**BRIEF**
In the data below, find the line containing "The yellow implant", then set down that line and every later line up to and including the line containing "What I'd advise", exactly.
- - - - -
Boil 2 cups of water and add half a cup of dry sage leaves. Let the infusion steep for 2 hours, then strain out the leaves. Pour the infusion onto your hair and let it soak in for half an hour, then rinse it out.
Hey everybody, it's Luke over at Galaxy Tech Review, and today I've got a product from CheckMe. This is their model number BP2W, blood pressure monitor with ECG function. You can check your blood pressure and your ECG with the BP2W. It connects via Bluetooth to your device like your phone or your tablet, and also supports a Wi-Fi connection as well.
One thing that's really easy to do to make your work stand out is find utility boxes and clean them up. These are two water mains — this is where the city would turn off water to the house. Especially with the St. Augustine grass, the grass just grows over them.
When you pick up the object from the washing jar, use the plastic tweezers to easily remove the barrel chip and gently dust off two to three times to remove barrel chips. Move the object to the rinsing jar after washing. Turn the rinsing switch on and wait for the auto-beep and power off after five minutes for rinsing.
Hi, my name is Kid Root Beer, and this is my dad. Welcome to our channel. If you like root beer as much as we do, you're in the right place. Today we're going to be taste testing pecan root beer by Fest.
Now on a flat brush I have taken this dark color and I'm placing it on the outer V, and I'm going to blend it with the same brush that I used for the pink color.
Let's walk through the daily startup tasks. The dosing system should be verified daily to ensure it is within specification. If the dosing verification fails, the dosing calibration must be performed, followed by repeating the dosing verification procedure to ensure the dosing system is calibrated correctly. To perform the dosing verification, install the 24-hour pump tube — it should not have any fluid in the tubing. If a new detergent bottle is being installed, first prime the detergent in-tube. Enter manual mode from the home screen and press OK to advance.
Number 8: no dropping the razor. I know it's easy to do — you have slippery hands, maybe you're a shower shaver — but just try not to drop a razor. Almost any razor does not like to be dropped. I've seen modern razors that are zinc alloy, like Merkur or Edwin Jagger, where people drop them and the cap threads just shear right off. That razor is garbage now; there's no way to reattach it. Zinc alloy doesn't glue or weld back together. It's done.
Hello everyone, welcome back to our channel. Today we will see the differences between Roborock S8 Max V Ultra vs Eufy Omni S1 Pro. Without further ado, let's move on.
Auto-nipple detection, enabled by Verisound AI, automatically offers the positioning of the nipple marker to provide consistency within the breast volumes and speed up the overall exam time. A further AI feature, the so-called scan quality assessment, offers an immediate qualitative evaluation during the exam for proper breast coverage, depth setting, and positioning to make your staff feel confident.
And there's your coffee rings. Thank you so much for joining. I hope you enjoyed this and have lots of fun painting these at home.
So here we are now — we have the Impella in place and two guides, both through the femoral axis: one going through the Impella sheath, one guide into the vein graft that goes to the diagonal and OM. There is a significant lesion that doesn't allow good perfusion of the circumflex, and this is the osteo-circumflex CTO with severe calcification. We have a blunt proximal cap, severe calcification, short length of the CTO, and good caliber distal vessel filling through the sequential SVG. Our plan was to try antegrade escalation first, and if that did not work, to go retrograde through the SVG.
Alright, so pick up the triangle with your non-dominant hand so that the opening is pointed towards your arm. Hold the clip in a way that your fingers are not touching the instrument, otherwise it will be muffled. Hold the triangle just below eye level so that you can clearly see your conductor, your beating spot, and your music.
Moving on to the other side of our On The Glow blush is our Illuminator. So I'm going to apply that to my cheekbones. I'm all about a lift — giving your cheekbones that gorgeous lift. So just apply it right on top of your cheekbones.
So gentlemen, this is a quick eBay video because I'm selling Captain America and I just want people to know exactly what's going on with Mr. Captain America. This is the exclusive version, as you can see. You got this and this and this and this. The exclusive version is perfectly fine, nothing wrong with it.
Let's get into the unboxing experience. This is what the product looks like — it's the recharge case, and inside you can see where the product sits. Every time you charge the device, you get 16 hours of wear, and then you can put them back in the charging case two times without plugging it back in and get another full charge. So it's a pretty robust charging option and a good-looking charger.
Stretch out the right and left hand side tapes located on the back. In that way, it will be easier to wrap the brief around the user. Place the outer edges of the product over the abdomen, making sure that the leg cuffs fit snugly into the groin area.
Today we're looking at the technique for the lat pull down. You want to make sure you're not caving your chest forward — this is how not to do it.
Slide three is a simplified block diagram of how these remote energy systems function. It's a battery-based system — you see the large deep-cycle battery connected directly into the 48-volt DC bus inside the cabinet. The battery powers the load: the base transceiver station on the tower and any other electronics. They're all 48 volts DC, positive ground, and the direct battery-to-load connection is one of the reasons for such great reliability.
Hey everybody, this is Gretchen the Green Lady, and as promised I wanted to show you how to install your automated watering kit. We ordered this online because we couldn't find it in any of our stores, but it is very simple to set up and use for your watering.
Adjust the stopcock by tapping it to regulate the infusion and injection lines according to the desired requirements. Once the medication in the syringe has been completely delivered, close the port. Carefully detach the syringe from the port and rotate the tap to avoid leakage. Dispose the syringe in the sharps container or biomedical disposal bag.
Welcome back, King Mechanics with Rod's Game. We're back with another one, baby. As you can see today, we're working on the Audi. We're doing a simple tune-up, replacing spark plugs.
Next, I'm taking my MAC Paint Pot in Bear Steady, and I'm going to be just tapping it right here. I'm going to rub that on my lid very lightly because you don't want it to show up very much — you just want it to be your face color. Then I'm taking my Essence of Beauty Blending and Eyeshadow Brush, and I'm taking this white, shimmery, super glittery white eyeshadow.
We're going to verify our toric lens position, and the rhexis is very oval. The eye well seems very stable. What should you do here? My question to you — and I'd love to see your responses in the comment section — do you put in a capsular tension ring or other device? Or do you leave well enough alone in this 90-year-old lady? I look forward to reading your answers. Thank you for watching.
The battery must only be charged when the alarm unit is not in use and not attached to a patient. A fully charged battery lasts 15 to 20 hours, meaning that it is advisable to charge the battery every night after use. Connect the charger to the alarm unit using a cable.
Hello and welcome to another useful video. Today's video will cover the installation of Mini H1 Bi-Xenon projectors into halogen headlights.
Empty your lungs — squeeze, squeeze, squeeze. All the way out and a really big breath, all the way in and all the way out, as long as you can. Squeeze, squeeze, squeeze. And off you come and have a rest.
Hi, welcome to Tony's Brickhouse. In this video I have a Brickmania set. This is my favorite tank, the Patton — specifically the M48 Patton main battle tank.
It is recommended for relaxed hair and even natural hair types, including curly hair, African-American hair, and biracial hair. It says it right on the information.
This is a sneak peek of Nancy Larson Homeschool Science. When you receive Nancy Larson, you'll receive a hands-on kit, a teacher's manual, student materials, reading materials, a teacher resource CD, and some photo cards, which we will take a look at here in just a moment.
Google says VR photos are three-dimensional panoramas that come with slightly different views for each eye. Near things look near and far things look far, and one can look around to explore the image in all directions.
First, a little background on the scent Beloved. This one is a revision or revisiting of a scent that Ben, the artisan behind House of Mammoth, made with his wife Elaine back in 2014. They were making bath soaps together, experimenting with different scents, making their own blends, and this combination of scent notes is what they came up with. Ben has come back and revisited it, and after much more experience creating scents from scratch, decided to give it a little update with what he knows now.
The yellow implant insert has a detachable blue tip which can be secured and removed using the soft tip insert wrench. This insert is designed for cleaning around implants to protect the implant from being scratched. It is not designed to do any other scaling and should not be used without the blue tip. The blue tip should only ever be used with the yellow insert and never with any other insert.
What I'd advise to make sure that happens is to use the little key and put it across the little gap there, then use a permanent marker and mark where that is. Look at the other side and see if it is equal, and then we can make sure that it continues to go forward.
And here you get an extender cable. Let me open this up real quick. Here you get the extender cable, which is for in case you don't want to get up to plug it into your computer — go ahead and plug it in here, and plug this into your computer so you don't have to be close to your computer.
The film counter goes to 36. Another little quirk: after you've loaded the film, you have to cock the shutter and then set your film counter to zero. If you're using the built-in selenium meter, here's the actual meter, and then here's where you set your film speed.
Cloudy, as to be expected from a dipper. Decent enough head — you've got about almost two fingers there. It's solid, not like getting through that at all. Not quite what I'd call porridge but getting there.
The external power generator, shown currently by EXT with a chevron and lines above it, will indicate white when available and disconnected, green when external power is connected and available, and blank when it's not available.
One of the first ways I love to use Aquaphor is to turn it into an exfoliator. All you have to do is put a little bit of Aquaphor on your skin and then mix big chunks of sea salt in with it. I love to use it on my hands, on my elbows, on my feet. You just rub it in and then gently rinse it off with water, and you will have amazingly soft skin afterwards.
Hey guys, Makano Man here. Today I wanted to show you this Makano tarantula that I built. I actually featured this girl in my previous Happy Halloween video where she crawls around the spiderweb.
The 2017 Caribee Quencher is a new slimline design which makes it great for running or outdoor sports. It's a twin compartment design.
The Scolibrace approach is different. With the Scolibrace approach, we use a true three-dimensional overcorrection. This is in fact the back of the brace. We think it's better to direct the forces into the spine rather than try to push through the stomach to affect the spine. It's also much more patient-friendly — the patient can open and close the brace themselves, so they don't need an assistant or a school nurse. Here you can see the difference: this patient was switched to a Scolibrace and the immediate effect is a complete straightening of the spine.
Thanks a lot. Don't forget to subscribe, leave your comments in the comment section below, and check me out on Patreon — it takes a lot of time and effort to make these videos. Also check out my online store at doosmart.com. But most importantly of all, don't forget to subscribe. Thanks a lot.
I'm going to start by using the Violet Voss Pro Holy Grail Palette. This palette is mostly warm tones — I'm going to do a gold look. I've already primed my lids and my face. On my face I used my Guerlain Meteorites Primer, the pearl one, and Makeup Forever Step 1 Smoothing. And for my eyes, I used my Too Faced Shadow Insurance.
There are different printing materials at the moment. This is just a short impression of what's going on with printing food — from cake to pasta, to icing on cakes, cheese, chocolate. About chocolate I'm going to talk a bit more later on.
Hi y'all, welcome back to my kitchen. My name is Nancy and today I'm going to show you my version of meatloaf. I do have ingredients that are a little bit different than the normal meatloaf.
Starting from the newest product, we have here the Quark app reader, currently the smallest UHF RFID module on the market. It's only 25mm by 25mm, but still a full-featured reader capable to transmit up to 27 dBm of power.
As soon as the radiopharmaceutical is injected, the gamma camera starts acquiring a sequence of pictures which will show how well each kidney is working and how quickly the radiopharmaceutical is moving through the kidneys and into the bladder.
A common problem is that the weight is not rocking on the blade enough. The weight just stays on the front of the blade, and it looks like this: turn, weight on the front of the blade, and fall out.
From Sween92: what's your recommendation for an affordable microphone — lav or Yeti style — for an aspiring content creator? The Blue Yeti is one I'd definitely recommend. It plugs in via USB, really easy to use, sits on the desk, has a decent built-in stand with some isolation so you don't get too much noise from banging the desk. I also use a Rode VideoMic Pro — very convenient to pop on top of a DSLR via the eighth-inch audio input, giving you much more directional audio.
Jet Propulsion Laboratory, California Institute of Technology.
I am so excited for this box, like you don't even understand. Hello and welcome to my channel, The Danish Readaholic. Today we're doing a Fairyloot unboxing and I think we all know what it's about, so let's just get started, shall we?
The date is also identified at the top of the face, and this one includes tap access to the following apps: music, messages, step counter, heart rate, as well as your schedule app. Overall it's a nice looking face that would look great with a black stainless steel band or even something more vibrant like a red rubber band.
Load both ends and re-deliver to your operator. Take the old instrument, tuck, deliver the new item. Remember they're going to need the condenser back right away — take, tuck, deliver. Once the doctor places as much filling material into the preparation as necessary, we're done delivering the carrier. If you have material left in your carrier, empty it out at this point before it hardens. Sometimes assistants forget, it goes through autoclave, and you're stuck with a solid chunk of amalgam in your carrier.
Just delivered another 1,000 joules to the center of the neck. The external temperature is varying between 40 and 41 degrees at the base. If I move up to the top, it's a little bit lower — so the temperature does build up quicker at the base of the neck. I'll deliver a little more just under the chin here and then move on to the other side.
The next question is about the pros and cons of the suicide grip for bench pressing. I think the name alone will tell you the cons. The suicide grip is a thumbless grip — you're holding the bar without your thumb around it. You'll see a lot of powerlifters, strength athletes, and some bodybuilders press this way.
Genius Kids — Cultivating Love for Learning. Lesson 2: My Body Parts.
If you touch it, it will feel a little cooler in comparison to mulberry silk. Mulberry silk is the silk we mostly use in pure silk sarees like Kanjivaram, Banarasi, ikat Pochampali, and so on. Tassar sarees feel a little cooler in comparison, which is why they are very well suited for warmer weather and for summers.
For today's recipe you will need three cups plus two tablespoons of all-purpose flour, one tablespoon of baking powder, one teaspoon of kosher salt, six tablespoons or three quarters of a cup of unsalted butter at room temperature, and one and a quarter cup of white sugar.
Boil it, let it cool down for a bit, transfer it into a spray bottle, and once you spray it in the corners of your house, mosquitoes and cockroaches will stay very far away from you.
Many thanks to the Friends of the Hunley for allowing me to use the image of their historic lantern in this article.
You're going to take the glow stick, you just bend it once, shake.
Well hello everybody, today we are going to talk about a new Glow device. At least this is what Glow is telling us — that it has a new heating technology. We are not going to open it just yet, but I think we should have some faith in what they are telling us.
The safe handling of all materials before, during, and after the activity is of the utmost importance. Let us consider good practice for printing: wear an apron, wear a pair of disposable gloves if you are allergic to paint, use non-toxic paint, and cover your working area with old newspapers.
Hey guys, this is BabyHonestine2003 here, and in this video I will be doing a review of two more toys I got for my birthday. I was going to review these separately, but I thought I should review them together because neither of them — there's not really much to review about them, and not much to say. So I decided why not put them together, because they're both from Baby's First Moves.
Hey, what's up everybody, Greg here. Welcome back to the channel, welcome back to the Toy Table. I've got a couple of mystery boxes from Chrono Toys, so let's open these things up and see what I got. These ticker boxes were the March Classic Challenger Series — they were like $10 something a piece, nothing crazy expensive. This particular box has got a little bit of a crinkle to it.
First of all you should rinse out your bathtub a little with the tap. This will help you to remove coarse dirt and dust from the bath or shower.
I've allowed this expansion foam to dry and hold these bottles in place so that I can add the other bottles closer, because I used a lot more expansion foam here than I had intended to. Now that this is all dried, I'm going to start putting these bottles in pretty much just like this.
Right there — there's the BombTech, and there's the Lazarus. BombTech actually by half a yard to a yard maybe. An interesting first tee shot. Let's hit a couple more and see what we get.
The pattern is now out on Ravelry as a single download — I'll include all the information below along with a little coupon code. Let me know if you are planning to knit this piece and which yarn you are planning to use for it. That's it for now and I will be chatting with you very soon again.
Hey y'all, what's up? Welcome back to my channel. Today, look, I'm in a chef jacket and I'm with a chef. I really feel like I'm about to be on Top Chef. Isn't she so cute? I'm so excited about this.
- - - - -
**ANSWER AREA**
The yellow implant insert has a detachable blue tip which can be secured and removed using the soft tip insert wrench. This insert is designed for cleaning around implants to protect the implant from being scratched. It is not designed to do any other scaling and should not be used without the blue tip. The blue tip should only ever be used with the yellow insert and never with any other insert.
What I'd advise to make sure that happens is to use the little key and put it across the little gap there, then use a permanent marker and mark where that is. Look at the other side and see if it is equal, and then we can make sure that it continues to go forward.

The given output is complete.